26 Novembre 2019 , Rédigé par Le Monde Publié dans #Education

« Les enseignants doivent pouvoir redevenir les chercheurs qu’ils étaient »

EXTRAITS

« Les professeurs ont-ils encore du temps à consacrer à la réflexion pédagogique ? La réponse est non », regrette Samuel Lequette, professeur de français en collège et en lycée.

Tribune. Ces derniers mois, en marge des formes traditionnelles de l’action syndicale, des enseignants du primaire et du secondaire, des directeurs et des chefs d’établissement ont pris la parole dans la presse et sur les réseaux sociaux pour dénoncer, parfois avec colère, parfois avec désespoir, les conditions d’exercice de leur fonction.

Les mots employés sont forts et renvoient à une dimension psychique, voire psychologique : « solitude », « souffrance », « malaise », « trouble identitaire »… Entendre ces mots-là n’est pas tout à fait nouveau. Il existe d’ailleurs depuis une dizaine d’années une littérature sociologique abondante sur le « mal-être » enseignant en France.

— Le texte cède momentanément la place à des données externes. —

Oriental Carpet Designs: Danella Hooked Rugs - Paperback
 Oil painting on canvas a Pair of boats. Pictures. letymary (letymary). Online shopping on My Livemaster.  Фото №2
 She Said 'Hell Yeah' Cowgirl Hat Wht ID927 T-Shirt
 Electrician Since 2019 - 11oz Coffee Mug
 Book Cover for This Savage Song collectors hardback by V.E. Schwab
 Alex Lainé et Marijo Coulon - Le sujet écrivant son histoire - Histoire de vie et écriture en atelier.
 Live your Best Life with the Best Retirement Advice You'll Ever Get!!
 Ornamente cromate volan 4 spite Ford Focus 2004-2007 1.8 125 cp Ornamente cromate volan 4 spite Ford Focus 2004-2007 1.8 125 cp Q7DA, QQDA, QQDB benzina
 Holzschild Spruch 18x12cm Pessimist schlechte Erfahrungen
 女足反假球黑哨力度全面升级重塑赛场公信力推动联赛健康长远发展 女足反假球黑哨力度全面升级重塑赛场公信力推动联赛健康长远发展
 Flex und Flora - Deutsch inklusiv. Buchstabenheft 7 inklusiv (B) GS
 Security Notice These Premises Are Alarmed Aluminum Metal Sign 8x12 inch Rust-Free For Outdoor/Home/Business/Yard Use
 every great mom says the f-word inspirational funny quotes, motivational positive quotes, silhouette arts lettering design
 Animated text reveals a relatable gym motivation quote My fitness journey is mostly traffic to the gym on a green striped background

Peut-on parler alors d’un mouvement de libération de la parole ? Dans les faits, il n’y a pas d’omerta absolue (les fonctionnaires de l’éducation nationale sont relativement présents dans la discussion publique), mais un devoir de réserve. Cette obligation concerne le mode d’expression des opinions et non leur contenu, la liberté d’opinion est reconnue. De même, les fonctionnaires de l’éducation nationale, comme tous les agents publics, sont soumis à une obligation de discrétion professionnelle concernant le fonctionnement de leur administration.

(...)

... les professeurs ont-ils encore du temps à consacrer à la réflexion pédagogique ? La réponse est non. Or, pour bien travailler, les enseignants doivent pouvoir s’appuyer sur des expériences, les confronter, afin d’anticiper, adapter et évaluer avec le plus de finesse possible la pertinence et l’efficacité de leur enseignement. Ils doivent pouvoir prendre du recul pour améliorer leur pratique.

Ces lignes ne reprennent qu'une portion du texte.